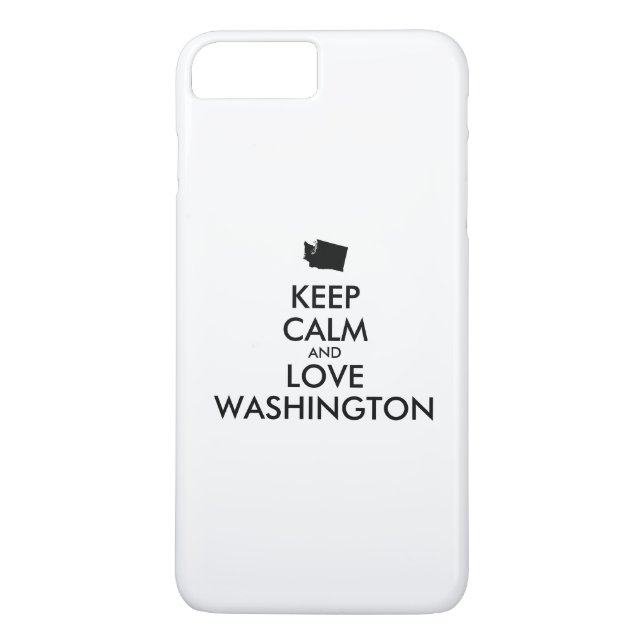 Customizable KEEP CALM and LOVE WASHINGTON Case-Mate iPhone Case (Back)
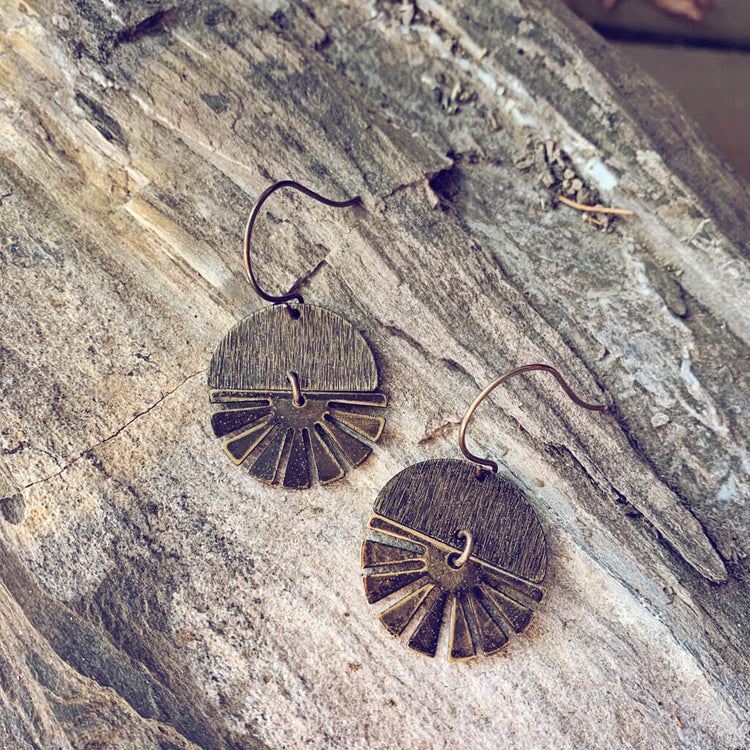 night & day // boho brass moon and sun earrings - Peacock & Lime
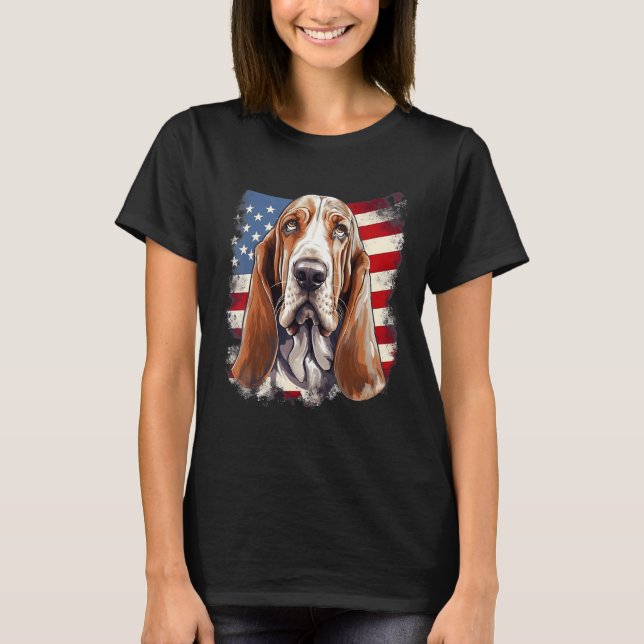 Camiseta 4th Of July US Flag Basset Hound Dog (Frente)
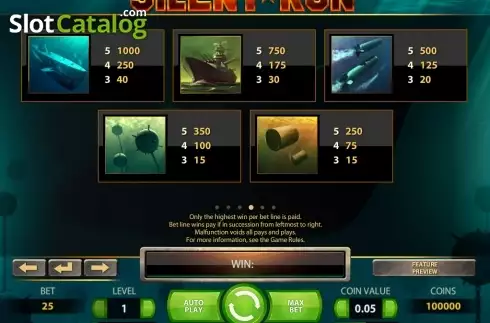Скрин9. Silent Run слот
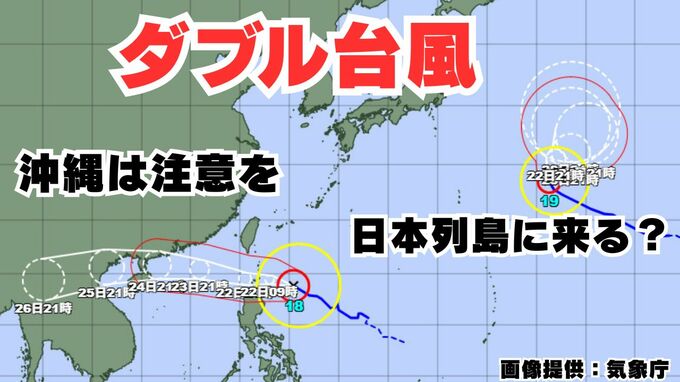 【ダブル台風】「台風18号」沖縄地方は高波に注意を「台風19号」日本列島には来る？16日間の天気シミュレーション【気象庁 台風情報 今後の台風進路は？21日午後11時50分更新】|TBS NEWS DIG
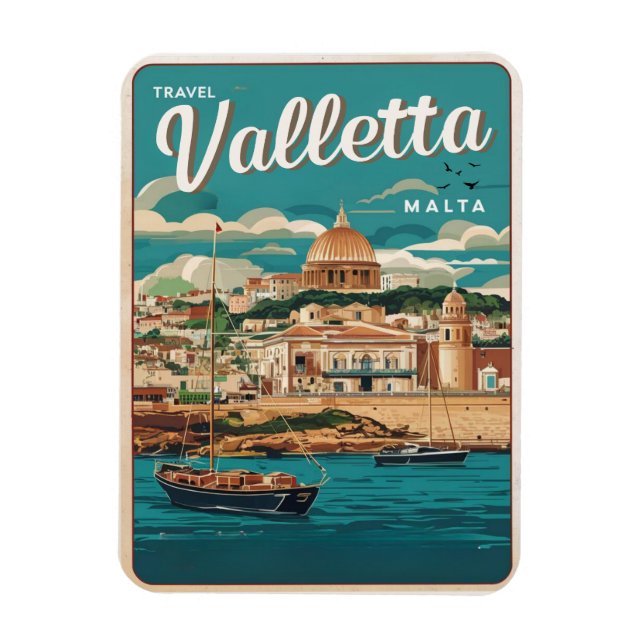 Vintage Valletta, Malta travel souvenirs and gifts Magnet (Vertical)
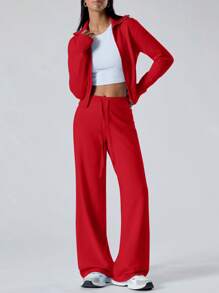 LYSMO 2pcs Women's Solid Color Zip Front Long Sleeve Top & Full Length Pants Set - Red - View 5
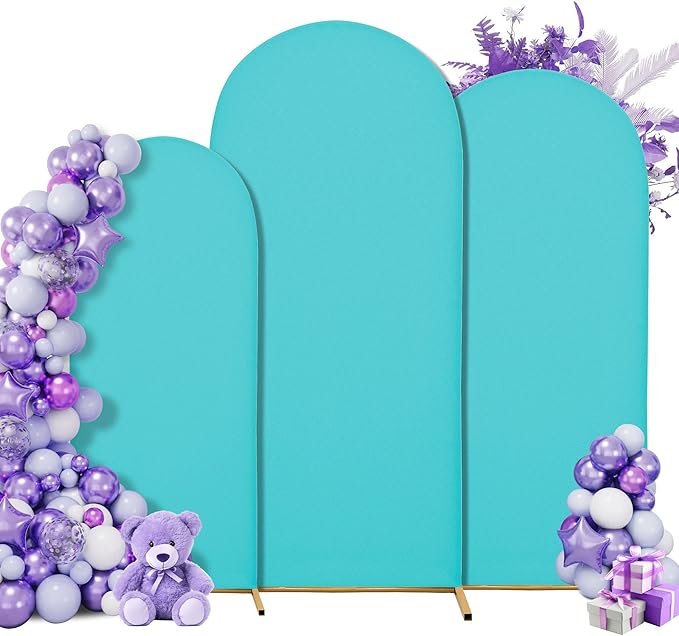 3-Piece Arch Cover Bundle – 7.2FT, 6.6FT & 6FT Stretch Spandex Backdrop Set – Wedding, Birthday & Photo Booth Arch Covers for Every Event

■ ■ ■ ■

» WORK ITEM
Begin at the line containing "night & day" and transcribe exactly every line through the end of the records, both ends included, leaving the pictures out.

» RESULT FOR THIS TASK
 night & day // boho brass moon and sun earrings - Peacock & Lime
 Camiseta 4th Of July US Flag Basset Hound Dog (Frente)
Скрин9. Silent Run слот
 【ダブル台風】「台風18号」沖縄地方は高波に注意を「台風19号」日本列島には来る？16日間の天気シミュレーション【気象庁 台風情報 今後の台風進路は？21日午後11時50分更新】|TBS NEWS DIG
 Vintage Valletta, Malta travel souvenirs and gifts Magnet (Vertical)
 LYSMO 2pcs Women's Solid Color Zip Front Long Sleeve Top & Full Length Pants Set - Red - View 5
 3-Piece Arch Cover Bundle – 7.2FT, 6.6FT & 6FT Stretch Spandex Backdrop Set – Wedding, Birthday & Photo Booth Arch Covers for Every Event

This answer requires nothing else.